(What is being asked):
Transcribe exactly, please, the lines from the one containing "Gabinete de joyas" through the end of the records below, and leave out the pictures.

---------- Source data

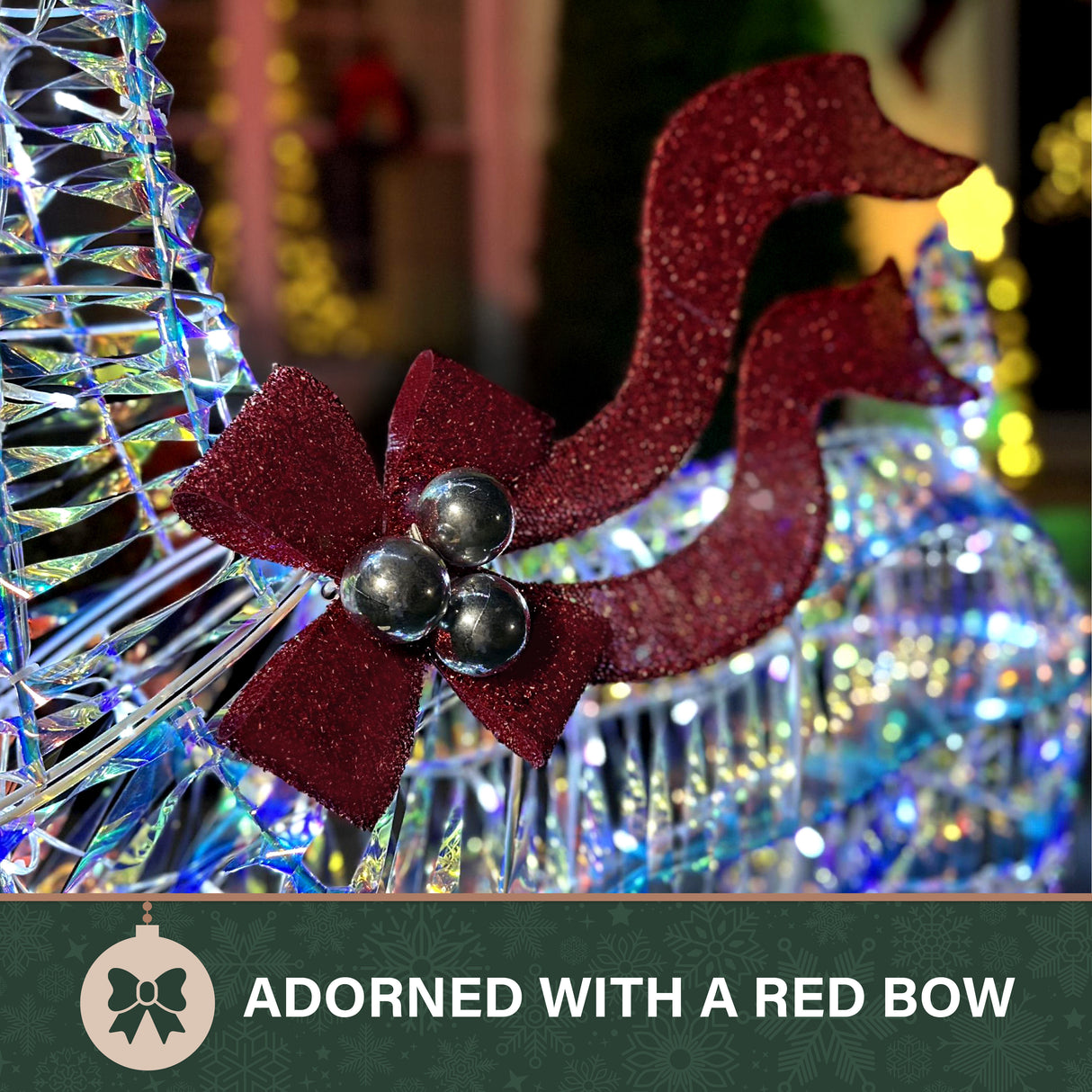 6-Ft. Prelit Iridescent Reindeer Decoration with LED Lights
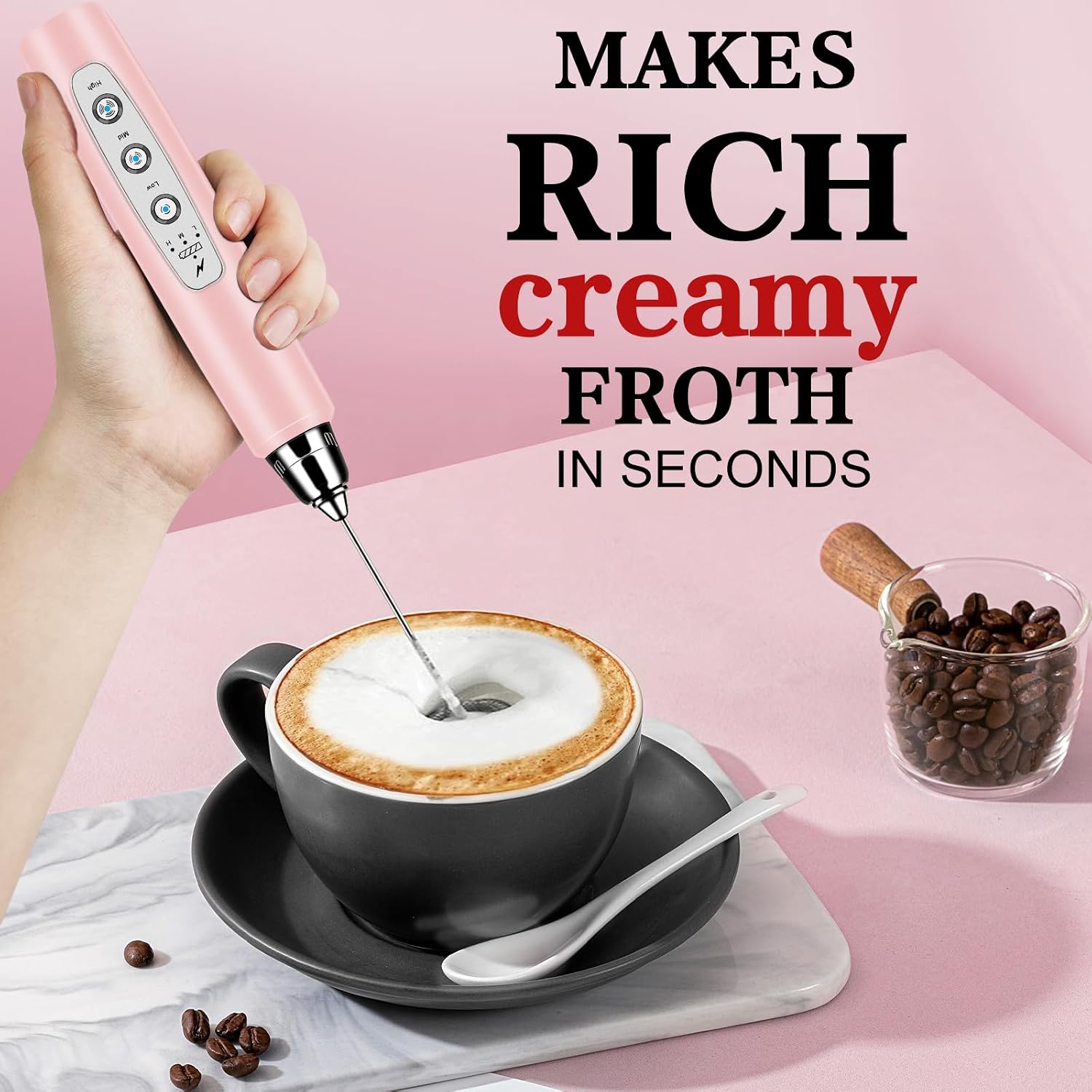 Milk Frother Wand Rechargeable Handheld Whisk Coffee 3 Speed Adjustable | Electric Whisk Drink Mixer with Stainless 3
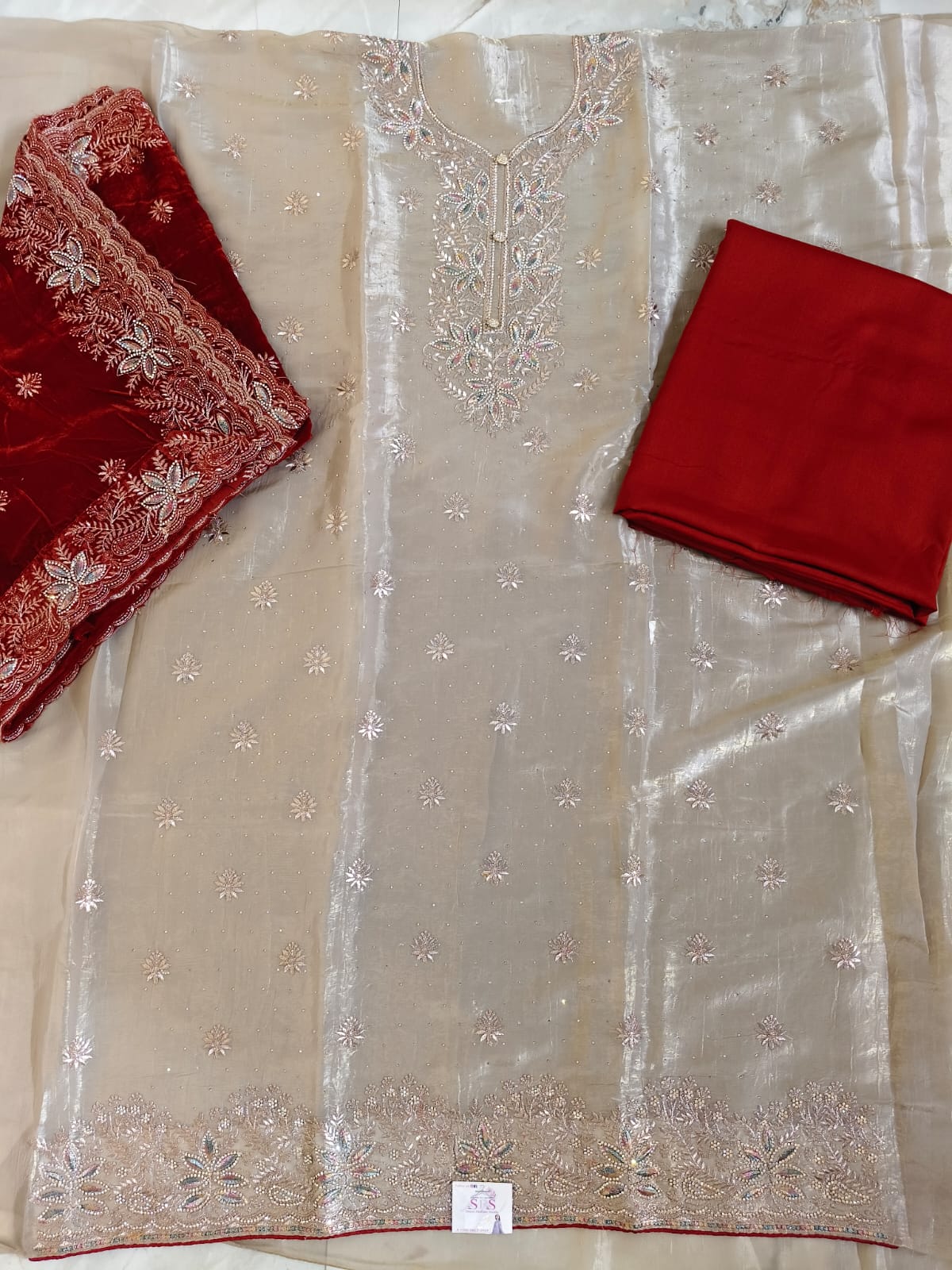 Premium Embroidered Ladies Unstitched Suit with Velvet Contrast Designer Dupatta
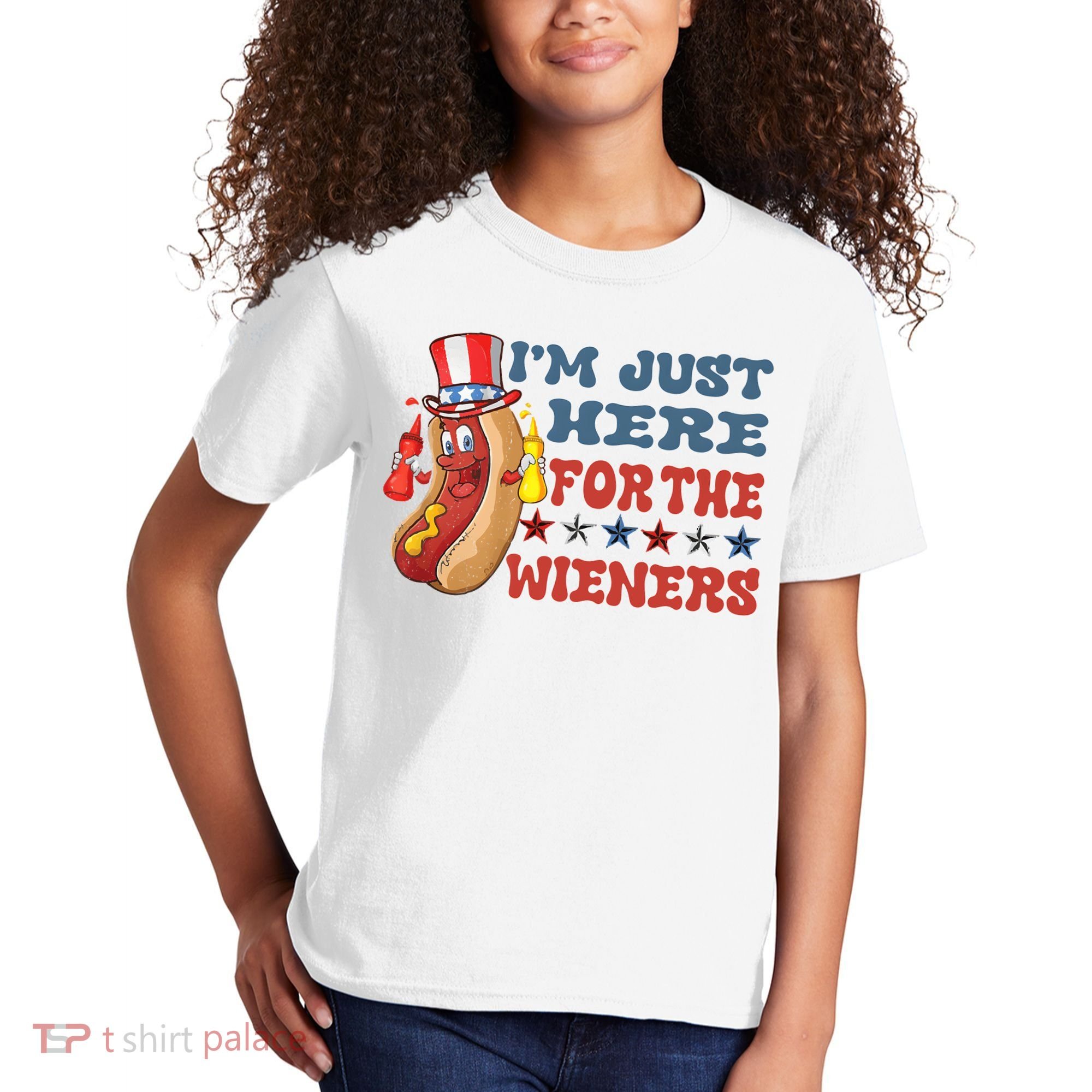 Im Just Here For The Wieners Sausage Kids T-Shirt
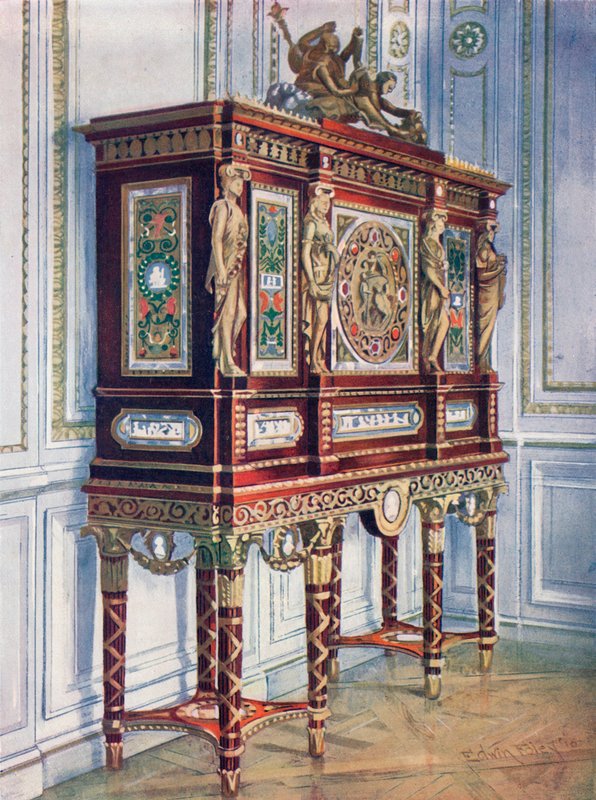 Gabinete de joyas de la Reina María Antonieta: De caoba, dorado, incrustado, tallado y con placas pintadas de Edwin John Foley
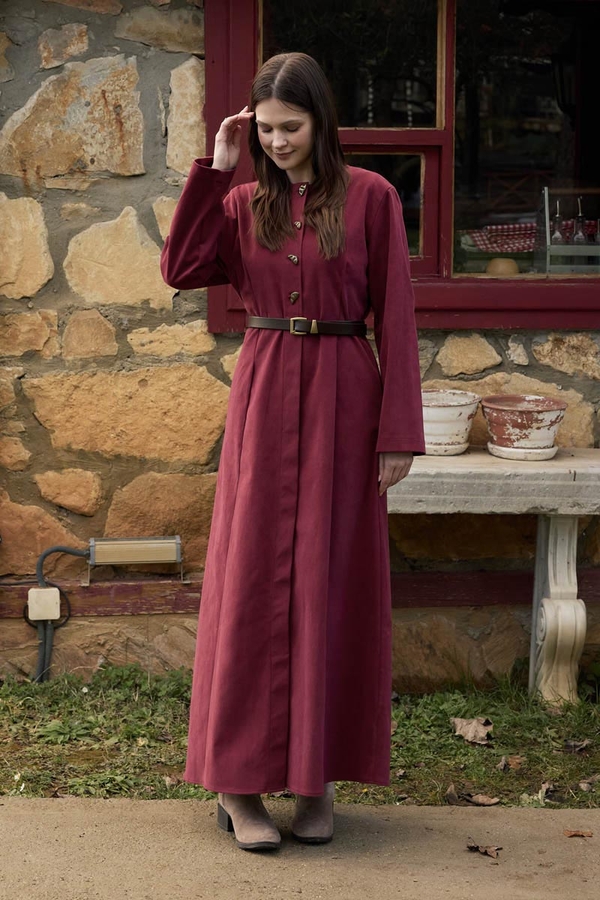 Antique Buttoned Gabardine Dress Burgundy - 5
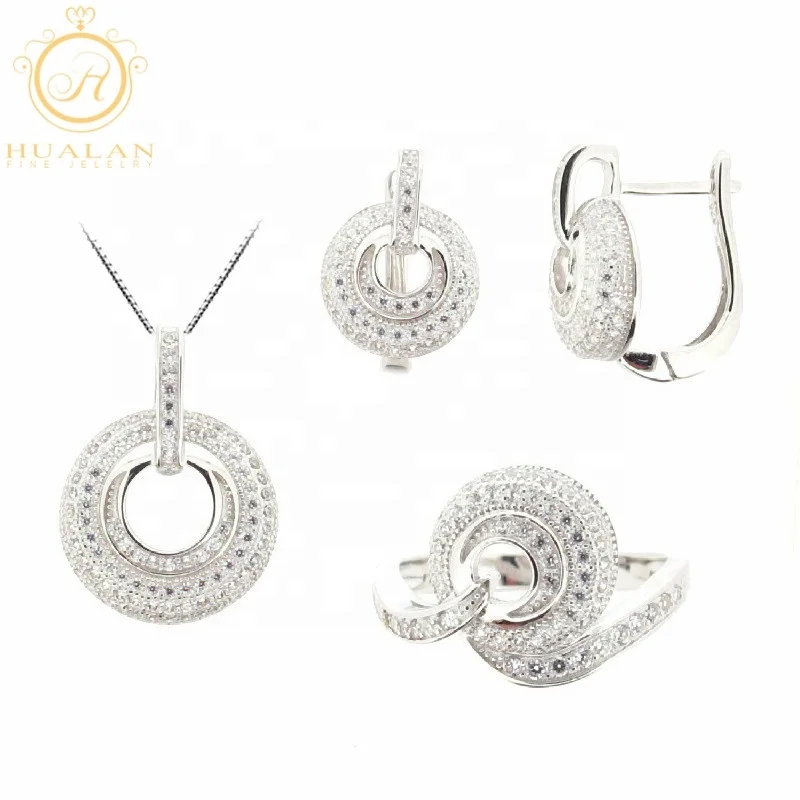 Chinese Factory 925 Sterling Silver Women Jewelry Set Micro Setting Silver Jewellery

--------------------

(Exercise result):
 Gabinete de joyas de la Reina María Antonieta: De caoba, dorado, incrustado, tallado y con placas pintadas de Edwin John Foley
 Antique Buttoned Gabardine Dress Burgundy - 5
 Chinese Factory 925 Sterling Silver Women Jewelry Set Micro Setting Silver Jewellery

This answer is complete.